WORK TO BE COMPLETED:
Your answer must consist of every line from the data below that includes the word "shower".

——————————

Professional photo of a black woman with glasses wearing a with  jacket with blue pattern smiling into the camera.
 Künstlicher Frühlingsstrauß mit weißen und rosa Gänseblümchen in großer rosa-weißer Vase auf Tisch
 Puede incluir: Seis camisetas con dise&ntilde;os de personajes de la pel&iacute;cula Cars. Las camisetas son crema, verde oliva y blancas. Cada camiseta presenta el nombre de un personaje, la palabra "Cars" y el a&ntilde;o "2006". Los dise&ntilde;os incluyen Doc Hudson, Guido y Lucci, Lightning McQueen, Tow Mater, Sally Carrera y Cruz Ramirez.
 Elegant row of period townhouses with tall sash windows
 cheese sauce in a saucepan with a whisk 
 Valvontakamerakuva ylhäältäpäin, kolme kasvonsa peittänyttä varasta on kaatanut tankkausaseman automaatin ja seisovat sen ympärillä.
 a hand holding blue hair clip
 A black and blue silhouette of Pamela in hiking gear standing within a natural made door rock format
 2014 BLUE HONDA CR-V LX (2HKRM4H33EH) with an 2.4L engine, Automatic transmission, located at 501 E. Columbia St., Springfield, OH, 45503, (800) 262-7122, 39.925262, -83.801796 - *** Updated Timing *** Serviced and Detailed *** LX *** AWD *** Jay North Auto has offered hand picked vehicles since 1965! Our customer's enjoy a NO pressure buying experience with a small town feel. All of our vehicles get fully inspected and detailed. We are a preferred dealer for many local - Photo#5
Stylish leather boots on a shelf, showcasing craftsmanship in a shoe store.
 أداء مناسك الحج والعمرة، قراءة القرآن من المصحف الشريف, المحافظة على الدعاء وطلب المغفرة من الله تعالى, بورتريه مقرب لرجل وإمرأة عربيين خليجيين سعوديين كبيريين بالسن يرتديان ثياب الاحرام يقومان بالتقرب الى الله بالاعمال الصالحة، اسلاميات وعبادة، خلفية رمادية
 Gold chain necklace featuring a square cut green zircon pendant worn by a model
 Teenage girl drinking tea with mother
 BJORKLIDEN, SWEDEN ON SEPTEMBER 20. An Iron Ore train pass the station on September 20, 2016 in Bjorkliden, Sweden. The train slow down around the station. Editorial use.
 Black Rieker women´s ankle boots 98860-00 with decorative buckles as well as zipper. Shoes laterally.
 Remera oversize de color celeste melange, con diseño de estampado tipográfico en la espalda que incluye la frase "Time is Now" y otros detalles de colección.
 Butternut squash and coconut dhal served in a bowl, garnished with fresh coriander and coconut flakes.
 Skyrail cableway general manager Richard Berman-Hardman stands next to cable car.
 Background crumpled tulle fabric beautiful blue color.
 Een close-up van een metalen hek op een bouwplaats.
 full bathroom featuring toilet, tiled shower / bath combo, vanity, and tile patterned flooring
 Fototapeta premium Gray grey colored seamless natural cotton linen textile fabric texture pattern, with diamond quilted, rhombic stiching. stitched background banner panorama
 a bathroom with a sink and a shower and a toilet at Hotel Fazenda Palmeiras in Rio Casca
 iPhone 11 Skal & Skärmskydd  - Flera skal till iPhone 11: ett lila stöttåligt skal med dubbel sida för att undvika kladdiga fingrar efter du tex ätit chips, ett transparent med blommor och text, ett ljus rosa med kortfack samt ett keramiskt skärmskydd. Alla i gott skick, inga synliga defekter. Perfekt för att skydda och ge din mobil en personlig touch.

——————————

RESPONSE:
 full bathroom featuring toilet, tiled shower / bath combo, vanity, and tile patterned flooring
 a bathroom with a sink and a shower and a toilet at Hotel Fazenda Palmeiras in Rio Casca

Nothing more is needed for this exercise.